Winds of up to 120 kilometres (75 miles) per hour ripping through western and central Germany, moving eastwards.

Meteorologists said the storm was shaping up to be the worst to hit the country in four or five year.

In England, a 54-year-old man was killed when a tree smashed into his car windscreen early in the morning in Bridgnorth, Shropshire, with the storm causing chaos on road and rail transport and closing ferry ports, officials said.

"The crew found a large branch had fallen from a tree on to the road. Part of it had gone into the windscreen of a 4x4 car," said West Midlands Ambulance Service spokesman Murray MacGregor.

The storm has caused heavy rains throughout Germany, with flight cancellations at Frankfurt airport, Germany's busiest, a spokesman for its operators Fraport said.

At least 17 flights had been cancelled by 1000 GMT.

Authorities told Germans to stay indoors in the afternoon and not to park their cars under trees or near the sea because of the risk of flooding, and warned of severe flooding along the coast.

Winds could reach speeds of up to 150 kph (93 mph) near the sea and in mountain regions, the national weather bureau in Offenbach said.

The head of the German rescue services (THW), Albrecht Broemme, said tens of thousands of emergency workers were on standby.

"If this hits all of Germany, things could become pretty bad," he said.

He advised people to remove furniture and potted plants from their balconies and to keep windows and doors closed to minimise storm damage.

Gusts of 158 kph (99 mph) were recorded on the Isle of Wight, off the English south coast, while forecasters warned of gusts of up to 130 kph (80 mph) on high ground and coastal areas and up to 110 kph (70 mph) in other areas.

Rail firm GNER ran only 75 percent of its normal mainline trains between London and Edinburgh, after rail authorities enforced speed restrictions.
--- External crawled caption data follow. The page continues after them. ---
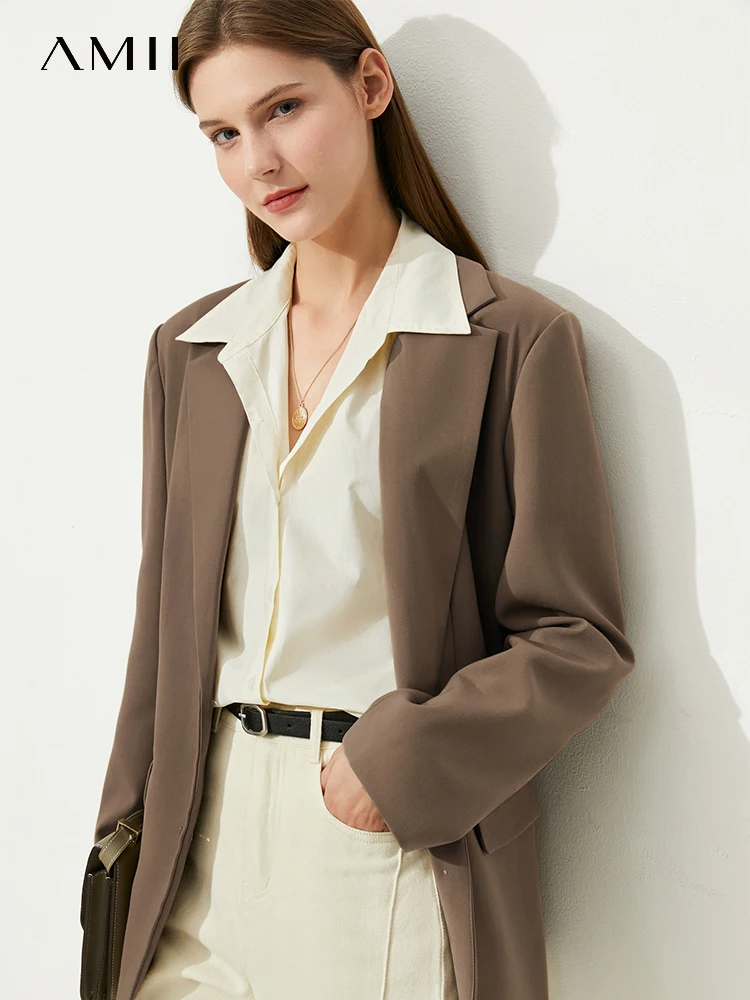 

AMII Minimalism Blazer Women 2022 Winter Niche Design Vintage Fashion Commuter Fake Two Pieces Detachable Solid Coats 12170652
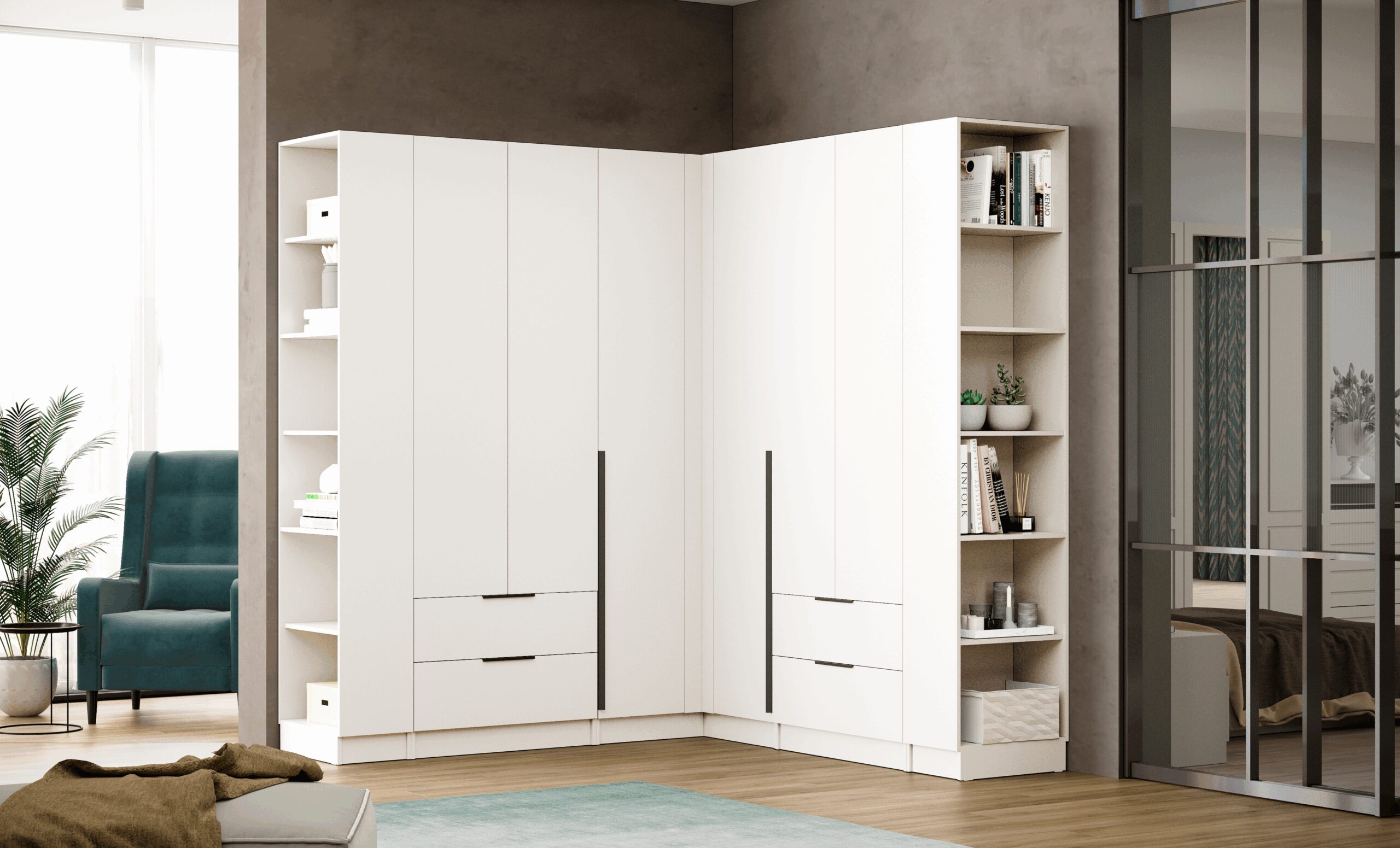 Мадрид Гардеробная система угловая 105/90/105м,Белый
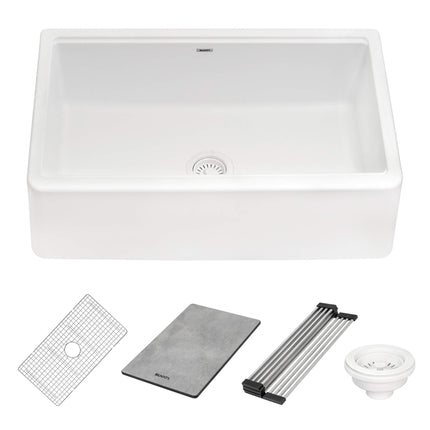 Ruvati 33-inch Matte White Granite Farmhouse Workstation Apron-front Composite Kitchen Sink - RVG1533WH Ruvati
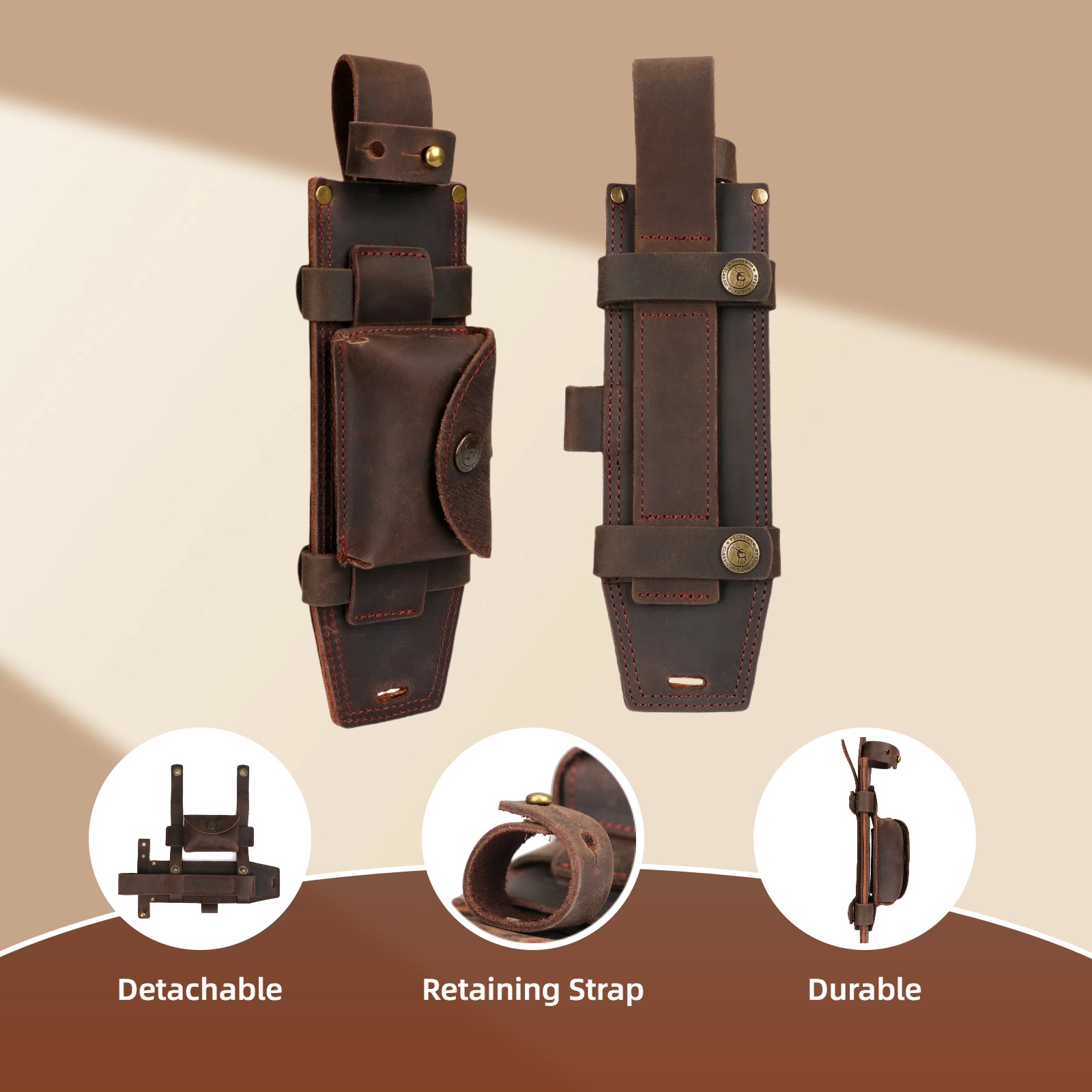 TOURBON Leather Fixed Blade Knife Sheath for Belt Scout Knives Holster Tool Case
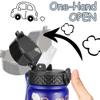 GOPPUS Kids Water Bottle (Straw Lid) - 14 Oz Stainless Steel Travel Bottle, Double Wall Vacuum Leak Proof Kids Cup for School Boys Girls,Blue engineering car view 4
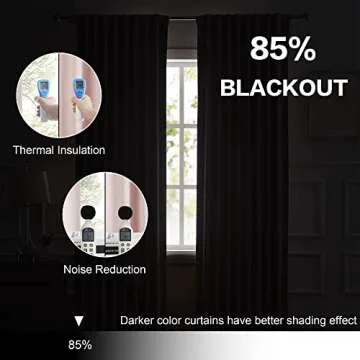 DUALIFE Thermal Insulated Blackout Curtains - 120 Inch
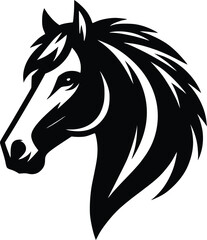 Beautiful Black And White Horse  Silhouette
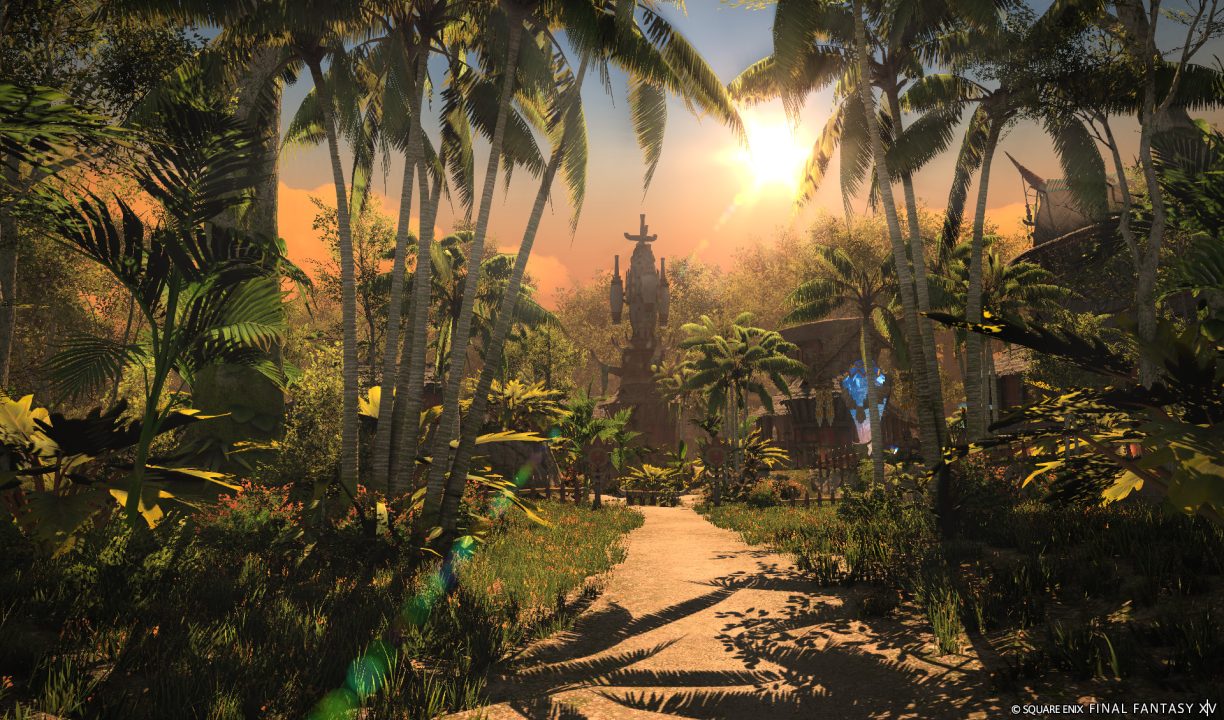 Final Fantasy XIV: Dawntrail Screenshot of a town in a lush jungle at sunset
In the south, the Channel port of Dover was closed.

In the Peak District, northern England, two men were rescued overnight after getting lost in heavy winds and driving rain. They were treated for exposure and hypothermia.

Rain and violent winds gusting up to 140 kph (87 mph) also lashed northern France, creating perilous conditions for motorists and pedestrians, the national weather service said.

The entire top third of the country -- including Paris -- was under orange alert because of the storm.

Meteorologists at Meteo-France said France would feel the brunt of the storms in the afternoon and late into the evening.

In Italy, meanwhile, 80 flights were cancelled early Thursday at Rome's main Fiumicino airport because of fog, the airport news agency Telenews reported.

Flights to or from Brussels, Casablanca, Paris, Nice, Munich, Florence, Venice and Amsterdam were among the 38 departing and 42 arriving flights cancelled, the report said.